Using the data below, transcribe exactly everything from the line that contains "Chrysanthemum paludosum 6-pack" down to the line that contains "Baby sehr zähmen". Include both of those lines and none of the pictures.

########

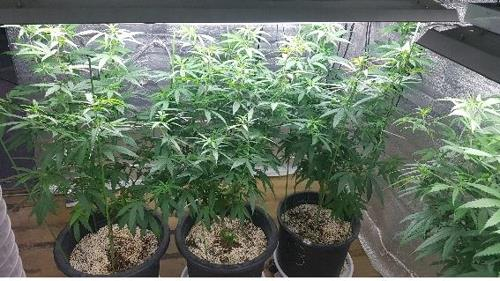  대마 재배해 비트코인 받고 판매한 일당 적발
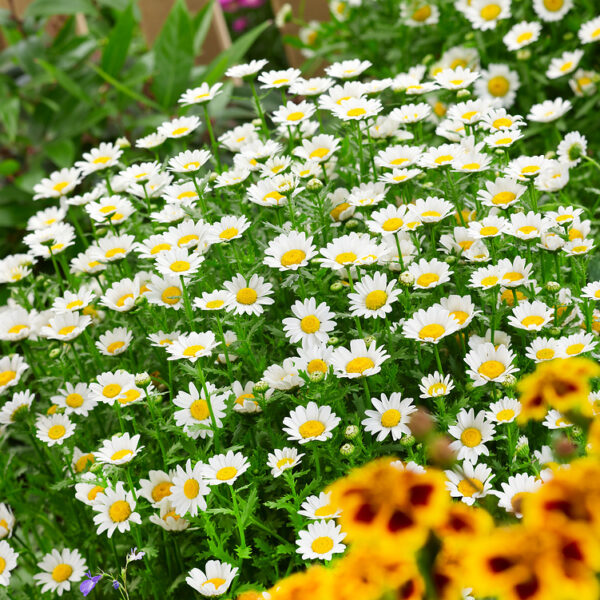 Chrysanthemum paludosum 6-pack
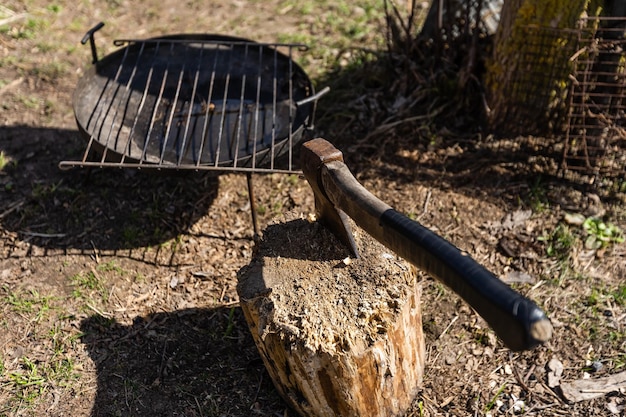 ax, frying meat, barbecue. Rest in the forest.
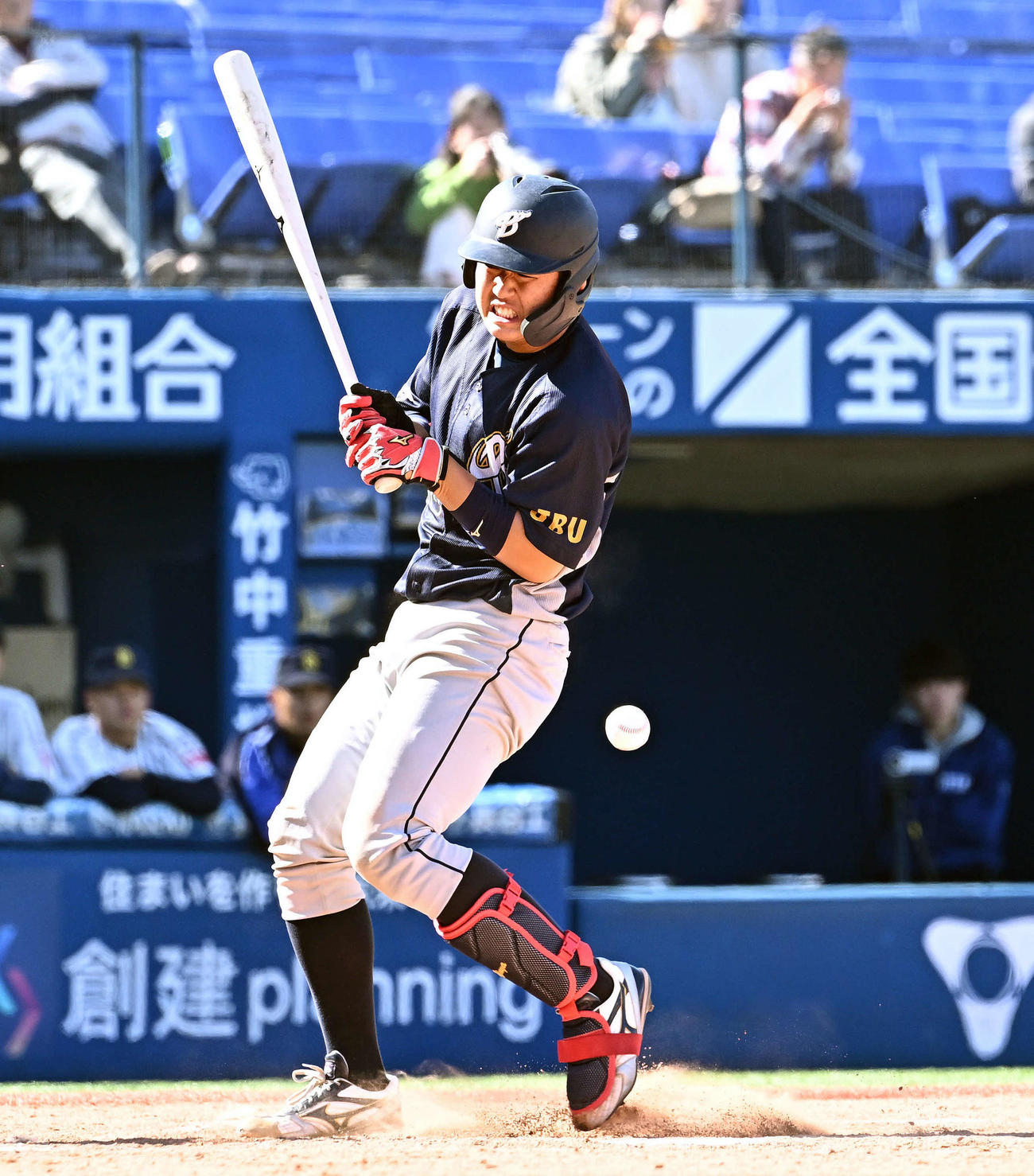 上武大対国際武道大　4回表上武大無死、死球を受ける進藤（撮影・滝沢徹郎）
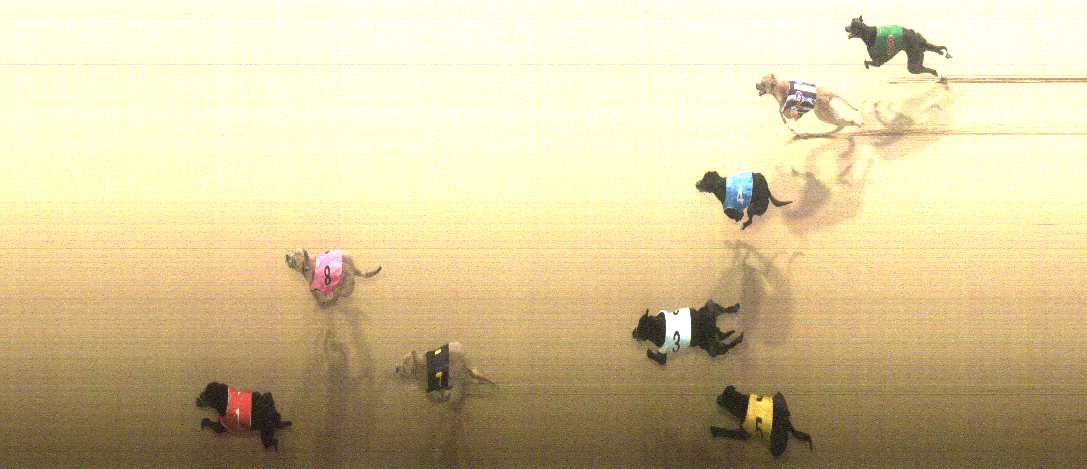 Photo finish for Cranbourne Race 4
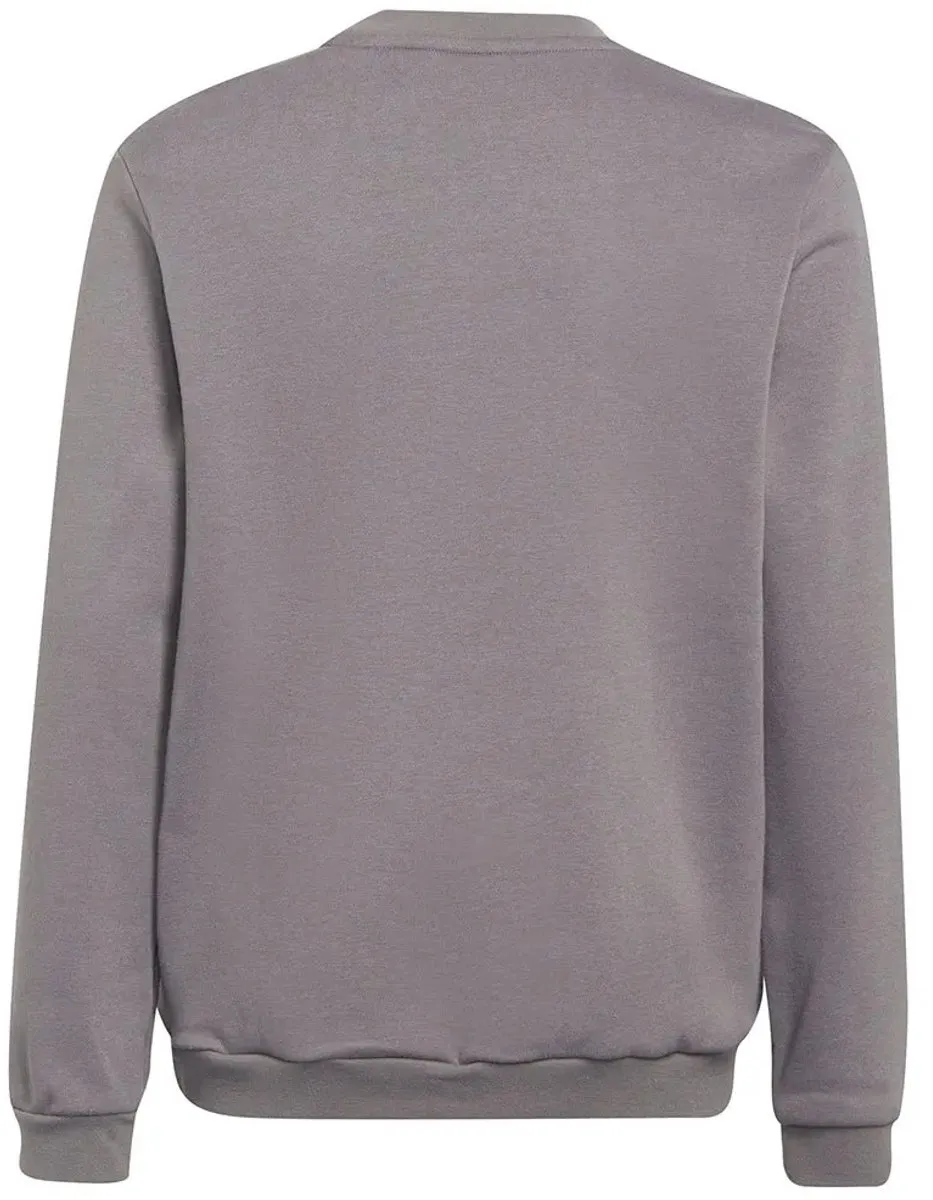 adidas Performance Entrada 22 Sweatshirt - 116 - Grijs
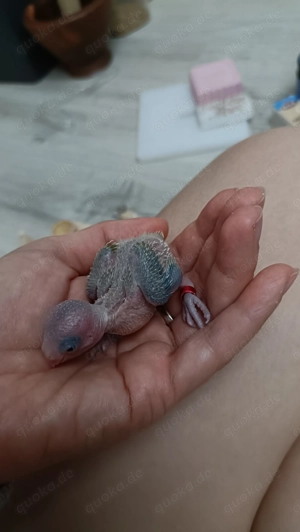 Baby sehr zähmen 100%  Bild 3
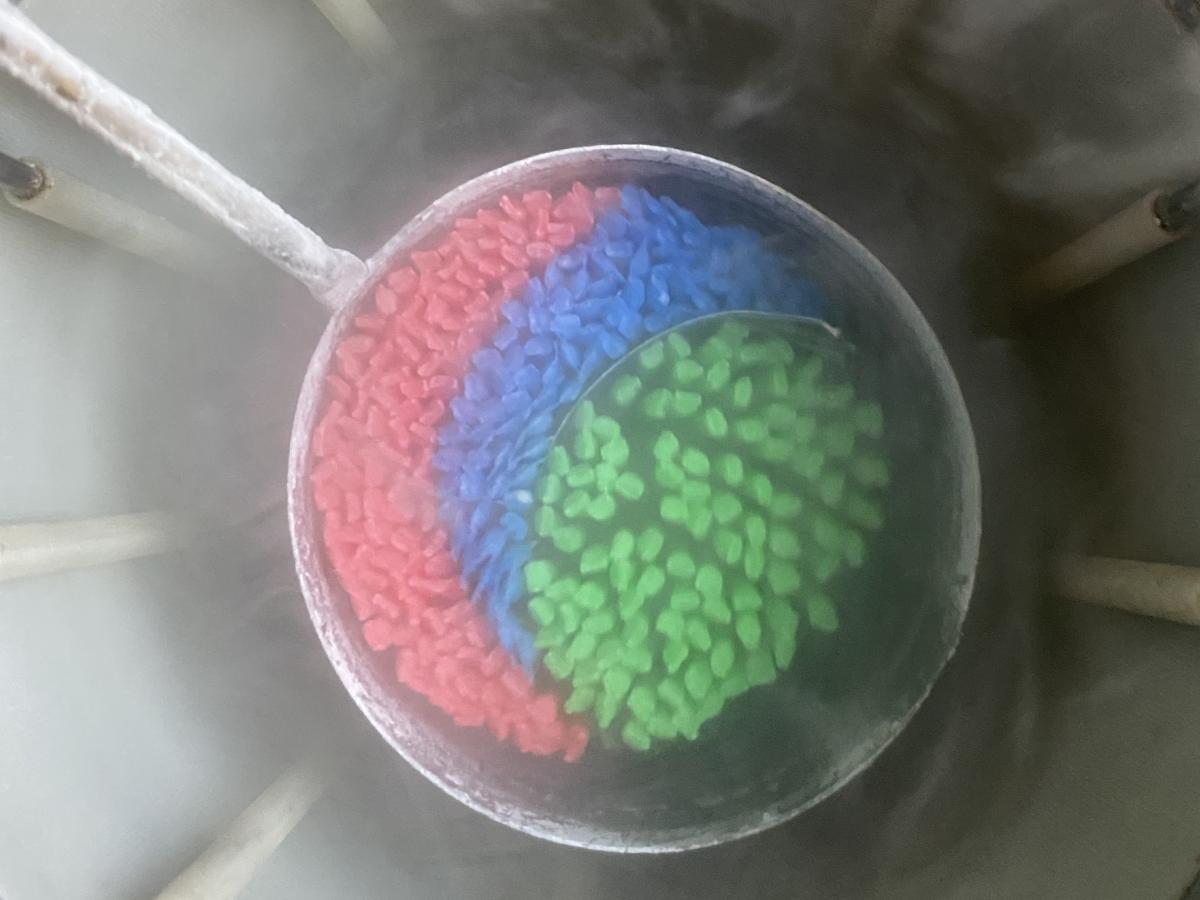 Gobelet de paillettes de semence congelée sortant d'une cuve d'azote liquide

########

**Written answer**
 Chrysanthemum paludosum 6-pack
 ax, frying meat, barbecue. Rest in the forest.
 上武大対国際武道大　4回表上武大無死、死球を受ける進藤（撮影・滝沢徹郎）
 Photo finish for Cranbourne Race 4
 adidas Performance Entrada 22 Sweatshirt - 116 - Grijs
 Baby sehr zähmen 100%  Bild 3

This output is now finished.